13-year-old Juliet Kyomuhangi has reason to smile after living out of six years of immobility from a shrapnel hit in Kibale district. Now she can walk
By Gladys Kalibbala
Before I could even reach her hospital bed, 13-year-old Juliet Kyomuhangi was all smiles and called me from far to tell me where her bed was. This was at CoRSU Kisubi hospital where she received an operation recently.
A few months ago her sad story appeared in the New Vision paper seeking for assistance to enable her get an Arteriogram scan of the lower limb at sh600,000 and about sh400,000 for maintenance at the hospital after the operation.
CoRSU offered to perform the operation free of charge as she is under 18 years.
Hand of hope
After getting to know about her plight from the New Vision paper and website, Hwan Sung Furniture Ltd (Ntinda) lifted the hope for a healthier life of the young girl with a sh600,000-donation for her surgery.
The cheque in the names of Kampala Imaging Centre intended for the scan was given to Kyomuhangi’s aunt, Lovinsa Karamagi.
Employees of Inchcape Shipping Services located in Ntinda donated sh450,000 to the girl for her upkeep.
The operations manager of Inchcape, Sam Sekasi Kigozi and his assistant Fredrick Alituwa explained the employees were touched by her sad story.
Deadly shrapnel hit
According to Dr George Galiwango of CoRSU, Kyomuhangi was hit by shrapnel which entered her leg behind the knee and pierced the major artery (behind the knee).
He explains the hit resulted into abnormal communication between the artery and the vein and it weakened the wall of the artery which caused the swelling.
“The swelling of the artery had a weak wall which would have burst causing severe bleeding in the leg. Such a condition can even cause death if not operated in time,” he says.Galiwango advises that following a bomb blast, a careful exploration of the injured parts and identification of the injuries is important and their management can be planned and executed.
He however cautions that this kind of surgery on large blood vessels should be handled by vascular surgeons.

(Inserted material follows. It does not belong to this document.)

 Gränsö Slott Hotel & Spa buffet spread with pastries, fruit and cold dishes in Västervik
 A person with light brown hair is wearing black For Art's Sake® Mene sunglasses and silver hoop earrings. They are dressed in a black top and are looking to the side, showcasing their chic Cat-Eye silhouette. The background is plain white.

Kyomuhangi has been living in pain with fragments of a bomb blast with sleepless nights for the last six yearrs and missed joining Primary Seven this year as she could not walk.

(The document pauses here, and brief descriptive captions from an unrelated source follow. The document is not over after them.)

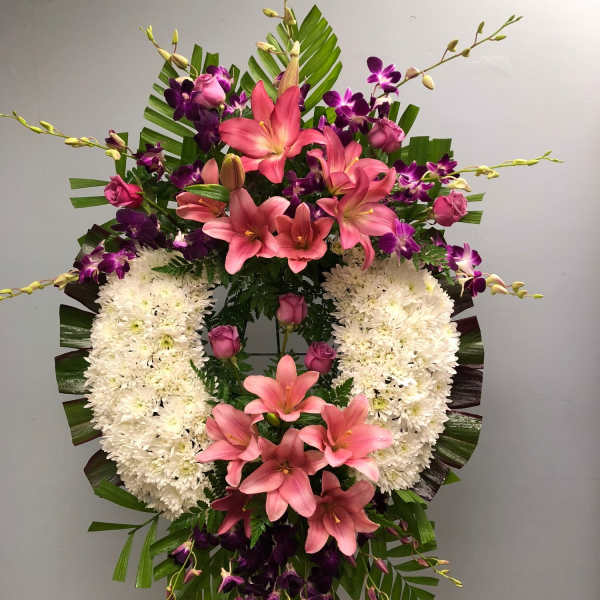 Standing floral spray with pink lilies, purple orchids, and white chrysanthemums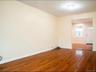 Spare room with wood finished floors and baseboards
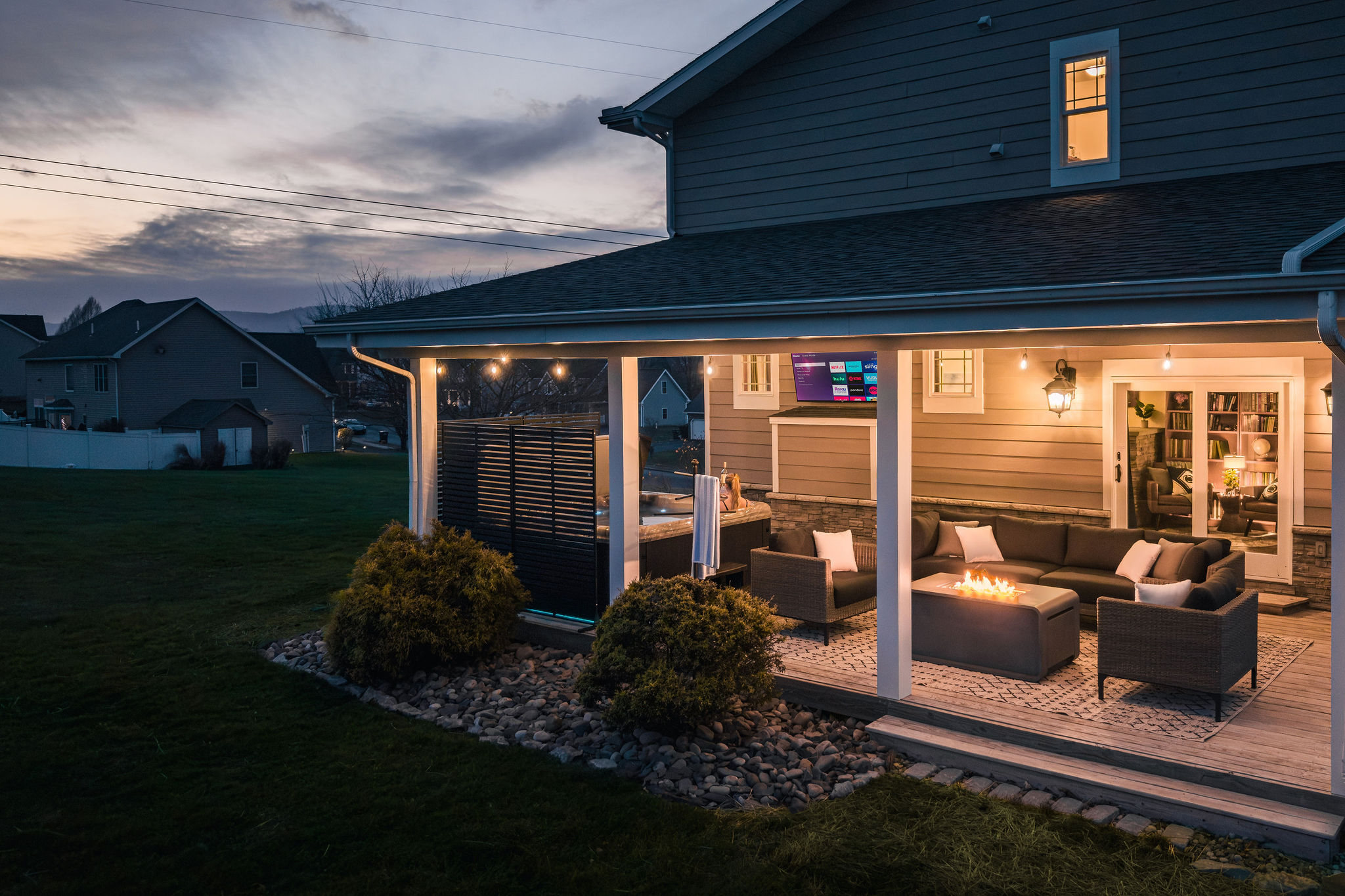 Covered outdoor lounge perfect for evening conversations, morning coffee, or relaxing year-round.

Her cousin-sister, Dorothy died on spot leaving Kyomuhangi and two others with serious injuries.
On March 7, 2006, Kyomuhangi with a group of friends discovered a metal-like object shaped like a pawpaw on the way to school in the morning. She was by then in Primary Two and they were all pupils of St Veronica Kisojo Primary School in Kibale district. “
“We hid it and planned to pick it on our way home, “she recalls.
When they found it taken by other children who were kicking it as a ball they confronted them and demanded for it.

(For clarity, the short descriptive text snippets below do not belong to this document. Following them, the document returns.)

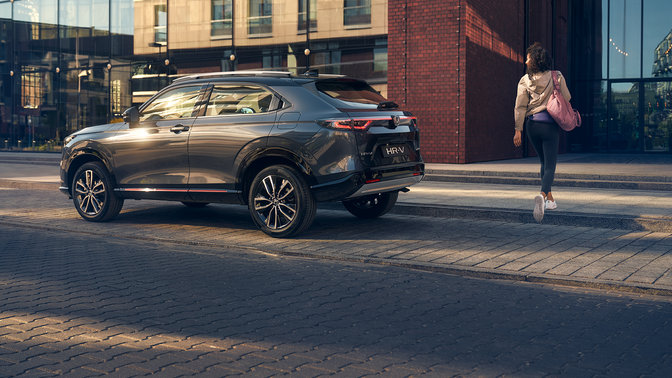 Honda HR-V SUV parked on the side of a street with a women walking behind it. 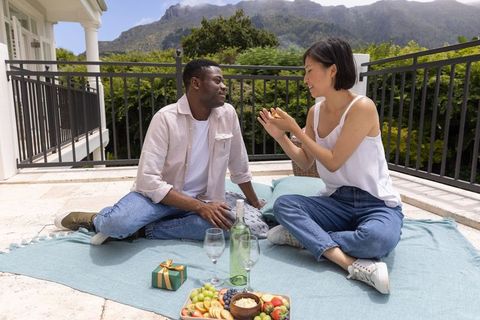 Couple enjoying romantic terrace picnic sharing wine and fruit platter with mountains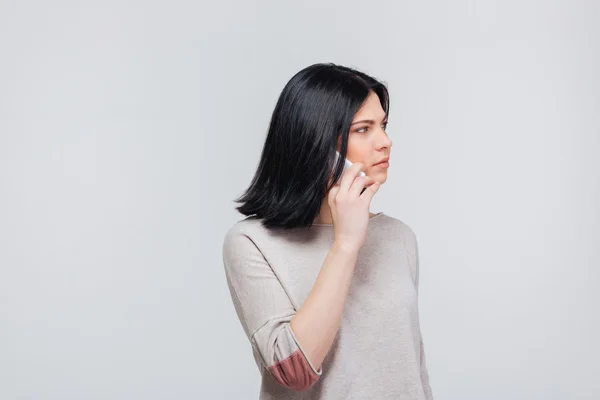 Serious brunette girl making a phone call — Stock Photo, Image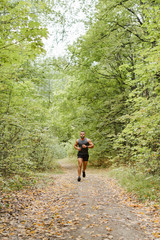 Obraz premium Jogging in the forest. Athlete running through the woods.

Kyomuhangi carried it on her head but as they trekked home it fell off her head, rolled down and produced smoke as it hit a stone.
“I only remember my late cousin Dorothy going near it and touching it saying she wanted to find out the cause of smoke,” she explains.
Kyomuhangi’s aunt, a retired teacher explains Dorothy’s body was torn into pieces and her blood splashed over the friends who ran in disarray after the blast had caused fire.
Asiya Namande and Mukisa were also injured and rushed to different hospital. A boda man who rescued Kyomuhangi and saw her injured with some flesh coming out behind one of the legs, rushed her to Kyebando dispensary in Kibaale where her wounds were stitched.
“The wound recovered well and she joined school normally until the injured area started swelling in 2009,” Karamagi explained.
Police later told the family how they suspected the bomb to have been left behind by ADF rebels who fought in the area during that time.